I’m using the monthly data and I’m trying to aggregate population totals by period. I’m using code that looks something like this:
gen pop_start=1
collapse (sum) pop_start[iw=wtfinl], by(countyreal year month)
The problem is, I’m getting results that bounce all over the place. In any given county, the population from month to month will jump wildly up or down.
What am I doing wrong here? Might it be that I can only aggregate to the national level, and not the county level?
This is a graph of the average population by county over time:
I’m a new user so I couldn’t add more than one picture, but I wasn’t to include these, too.

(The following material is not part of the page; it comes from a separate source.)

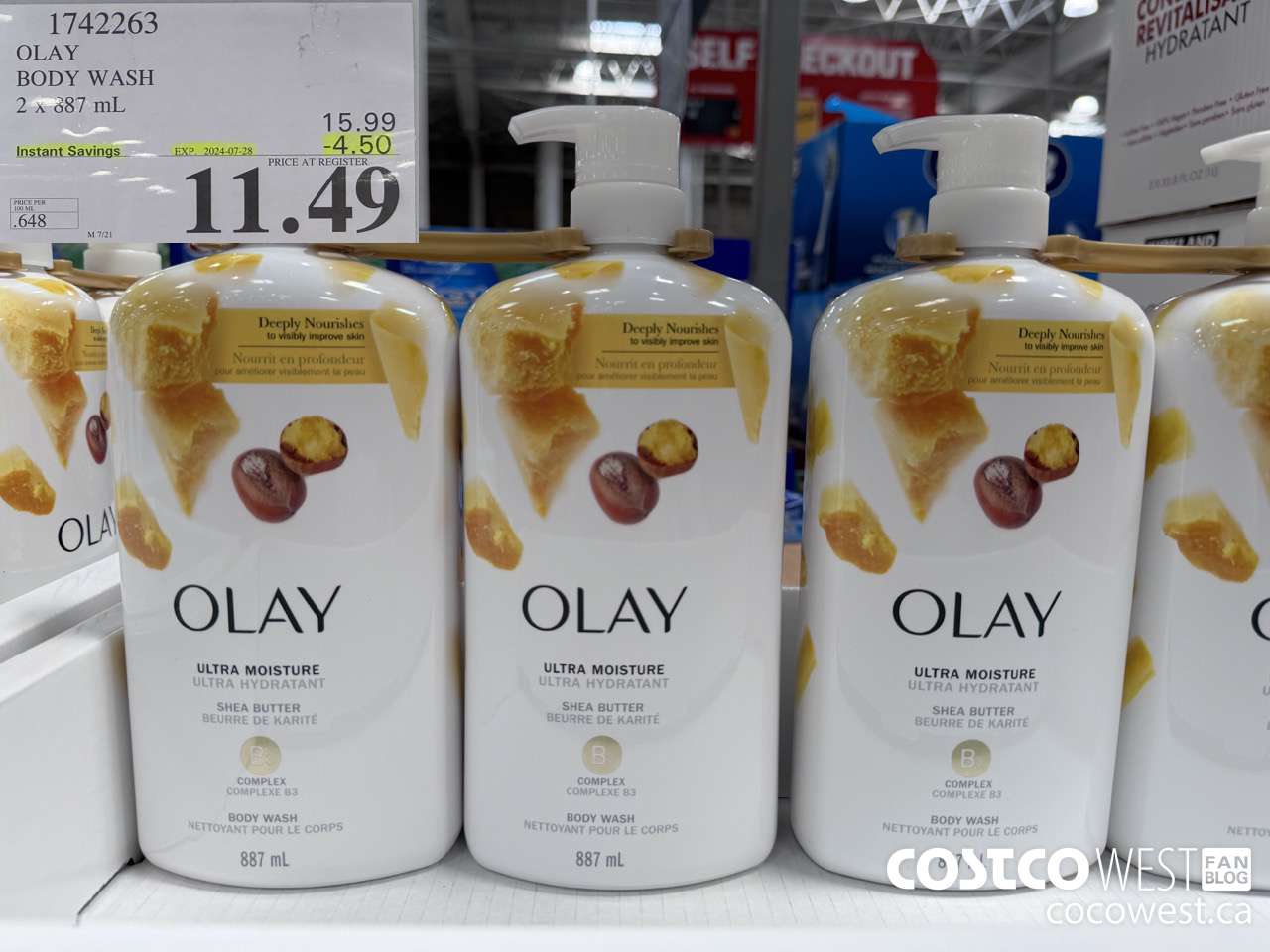1742263 OLAY BODY WASH 2 X 887 ML ($4.50 INSTANT SAVINGS EXPIRES ON 2024-07-28) $11.49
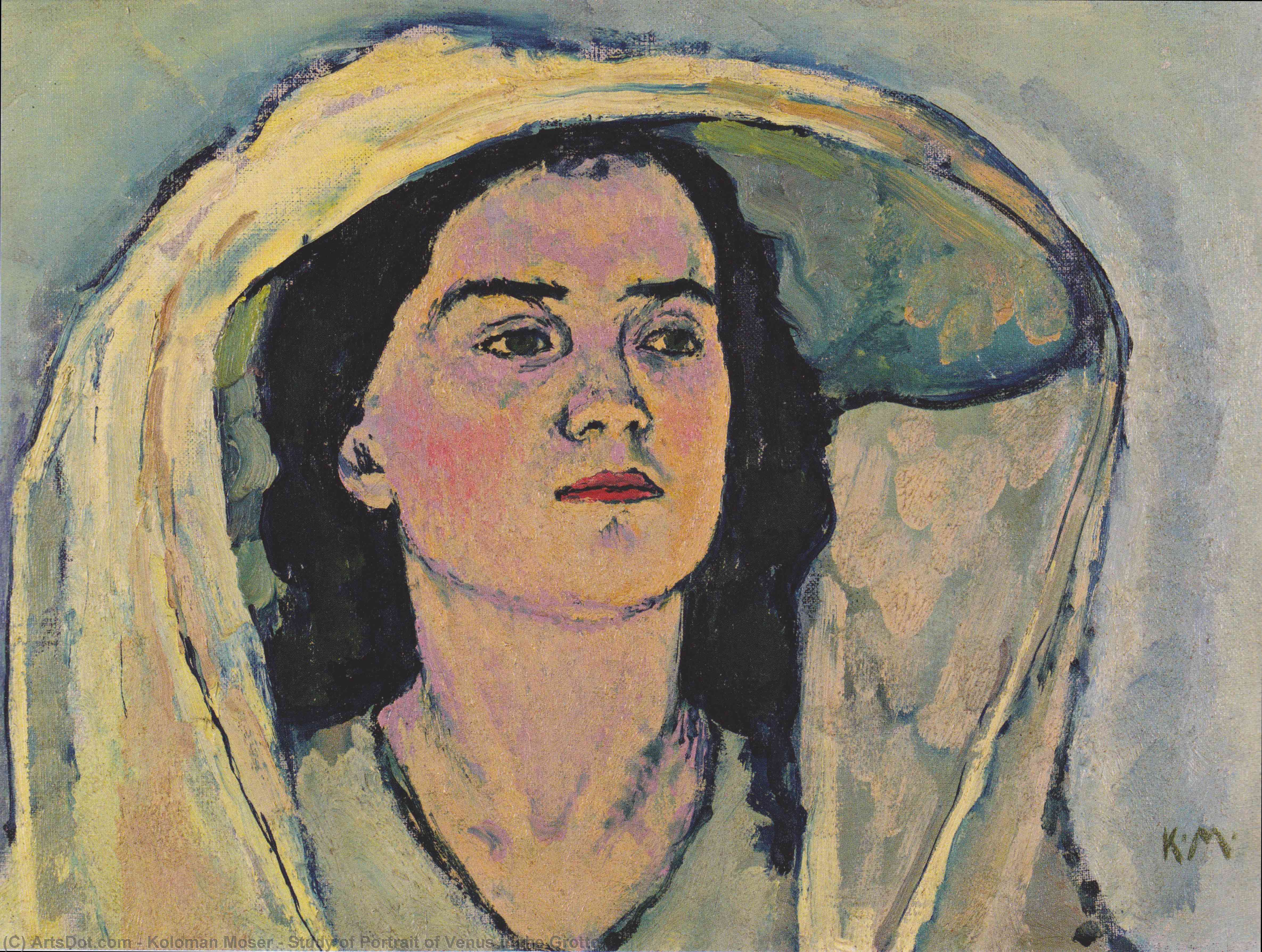 WikiOO.org - Encyclopedia of Fine Arts - Lukisan, Artwork Koloman Moser - Study of Portrait of Venus in the Grotto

This is an graph of total weight from all counties over time. This looks right and follows population totals for all these years.
And finally the averge weight by county. It doesn’t have the nice, consistent upward trajectory that there is at the national level.
There are two limitations to using CPS data at the county level that likely cause your observations. First, as is noted on the description tab of the COUNTY variable, to preserve respondent confidentiality, not all counties are identifiable in all samples. Specifically, only about 45% of all households reside in an identifiable county in any given sample. Second, the CPS sampling methodology is designed primarily to calculate reliable national estimates. Therefore, even the larger sample size in the ASEC samples are known to be “not as reliable” at the state level. See page 2-8 of this document for more discussion. Therefore, this issue will be even more dramatic with county level estimates from the basic monthly samples.
That is very helpful, Jeff. Sounds like the solution is “by design there is no solution”.